Legal Update
Jun 5, 2024
SEC's Private Fund Advisers Rule Struck Down by Fifth Circuit
The Fifth Circuit Court of Appeals (Fifth Circuit) today issued its ruling striking down the “Private Fund Advisers Rule” (the “PFA”). The proposed PFA was introduced on February 9, 2022 (“Proposed Rule”). The Securities and Exchange Commission (the “SEC”) worked with the institutional investor and private investment fund manager communities to finalize the rule over an extended comment period. While the final rule (“Final Rule”) scaled back the Proposed Rule, the Fifth Circuit ultimately struck down the Final Rule on the grounds that the SEC exceeded its statutory authority. The statutory authority on which the SEC relied on was contained in Section 211(h) and Section 206(4) of the Advisers Act.
Overview of the Final Rule that was Struck Down
The Final Rule consisted of a number of individual rules as outlined below:
- Enhanced Reporting and Transparency
-
- Quarterly Statements: Private fund advisers registered with the SEC would be required to distribute quarterly statements to their investors. These statements would detail the fund’s performance, fees, expenses, and certain payments made to the adviser.
- Mandatory Annual Audits: Every private fund advised by registered advisors would be required to undergo a yearly financial statement audit aimed to ensure accurate valuation of private fund assets and safeguarding against misappropriation.
- Adviser-led Secondaries: The Final Rule would have required advisers to obtain a fairness or valuation opinion in connection with such transactions. Furthermore, advisers would have needed to disclose any material business ties with the entity providing the opinion.
- Restricted Activities: The Final Rule would have disallowed certain practices that may not align with public interest or investor protection. Examples include (i) charging investigation-related fees without disclosure or consent, (ii) tax adjusting the adviser’s carried interest clawback without reporting the clawback amount both with and without taxes, or (iii) allocating expenses to fund investors on a non-pro rata basis without proper notice.

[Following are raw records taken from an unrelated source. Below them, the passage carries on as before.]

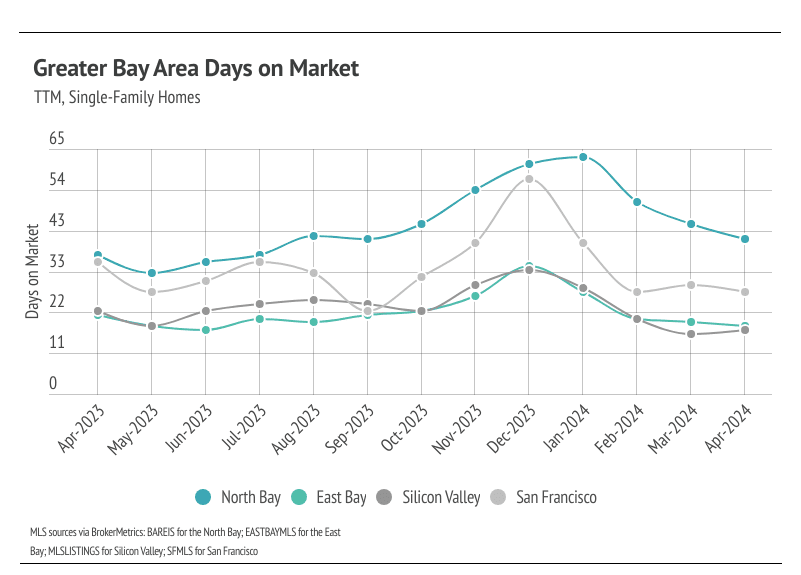 Line graph of average days on market (DOM) for single-family homes in North Bay, East Bay, Silicon Valley, & San Francisco from April 2023 to April 2024. North Bay consistently had the highest DOM followed by San Francisco.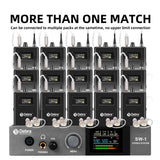 Varios receptores DEBRA SW-1 enlazados a un transmisor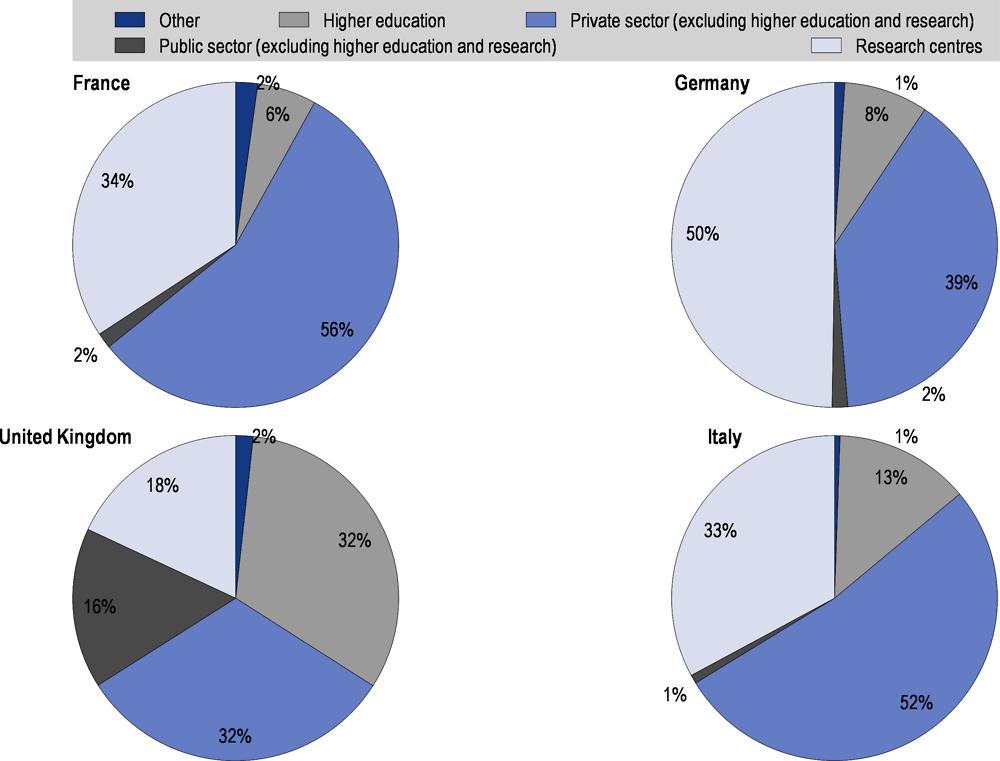 Figure 3.7. Breakdown of Horizon 2020 space-related grants by institutional categories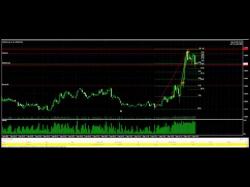 Binary Option Tutorials - forex with How I trade Forex with NO INDICATOR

- Fair Play: The Final Rule sought to ban preferential treatment, such as giving certain investors exclusive redemption rights or exclusive insights into portfolio holdings, with limited exceptions that require disclosure to all investors.
- Rigorous Compliance Requirements: Every registered adviser would have needed to document their annual review of compliance policies in writing.

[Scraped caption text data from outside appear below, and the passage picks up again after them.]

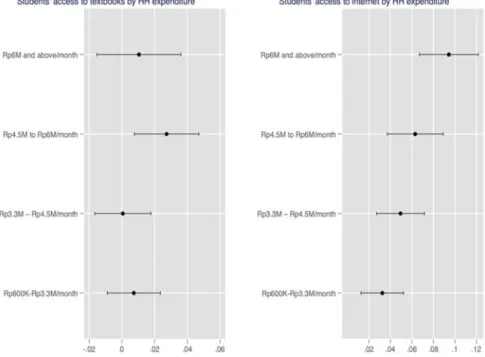 Fig.  3.2  Access  to  learning  materials  by  household  expenditures  (Note  We  run  a  probit  regression  on  household  expenditure  dummies  and  covariates  which  include  school  poverty  level,  gender,  child  grade,  dummy  for  public  schoo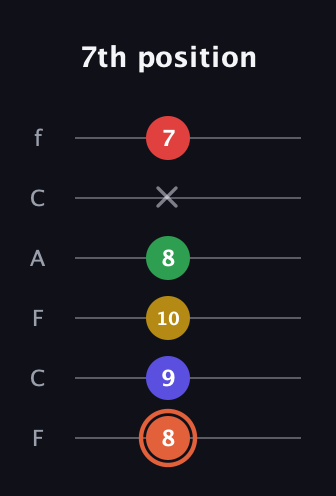 C♯ Augmented-major 9th guitar tab — 7th position (8 9 10 8 x 7) in Open E Tuning (EBEG♯BE) · Capo 1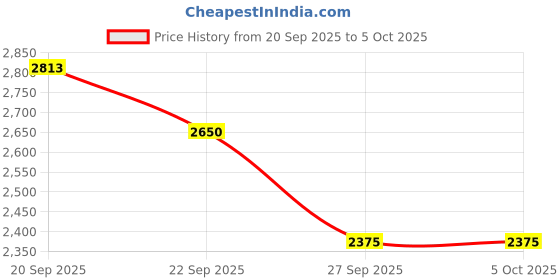 myntra.com The Tie Hub Men Silk Broad Tie the tie hub Price History Graph from 20 Sep 2025 to 5 Oct 2025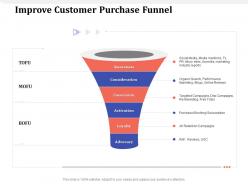 Improve customer purchase funnel free drip ppt powerpoint presentation gallery themes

Summary of the Fifth Circuit Decision
- Lack of Authority under Section 211(h):
With respect to Section 211(h), the SEC viewed the Dodd-Frank Act as expanding the SEC’s rulemaking authority to cover private fund advisers and investors under Section 211(h). In reaching its decision that the SEC exceeded its authority under Section 211(h), the Fifth Circuit relied on statutory construction that differentiates between the extensive regulation, reporting and disclosure requirements, restrictions and prohibitions of the Investment Company Act and the relative dearth of such extensive regulation on private funds under the Advisers Act. The Fifth Circuit also focused heavily on Section 913 of the Dodd-Frank Act, its stated application to “retail customers,” and the reliance of the SEC on Title IX of the Dodd-Frank Act to buttress its arguments that it did have appropriate rulemaking authority when (i) Title IV is the appropriate provision of the Dodd-Frank Act imposing regulatory requirements on private fund advisers and (ii) Title IX clearly applies to retail customers.
- Lack of Authority under Section 206(4):
With respect to Section 206(4), the Fifth Circuit concluded that the Final Rule did not articulate a rational connection between the anti-fraud authority granted under Section 206(4) and the focus of the Final Rule, noting that the SEC failed to define the fraudulent acts or practices the Final Rule was designed to prevent. On separate grounds, the Fifth Circuit also confirmed that Section 206(4) did not authorize rulemaking to require disclosure and reporting on the grounds that Congress did not explicitly state its intent to provide for reporting and disclosure in Section 206(4). Finally, the Fifth Circuit also concluded that the Final Rule was not reasonably designed to sensibly fit within the statutory text and did not have a close nexus with the statute’s statutory aims.
Next Steps
With the Final Rule vacated, the SEC has a number of options, which include abandoning the Final Rule, seeking en banc review with the full Fifth Circuit, or appealing the Fifth Circuit’s decision to the Supreme Court. Given the time required for the Supreme Court to consider and act (or not act) on any petition by the SEC for review, it is estimated that the Final Rule will remain vacated for at least 12 months. To the extent that the Fifth Circuit’s decision is not set aside by the full Circuit Court or overruled (or not accepted for review) by the Supreme Court, none of the elements of the Final Rule will be binding on private fund advisers.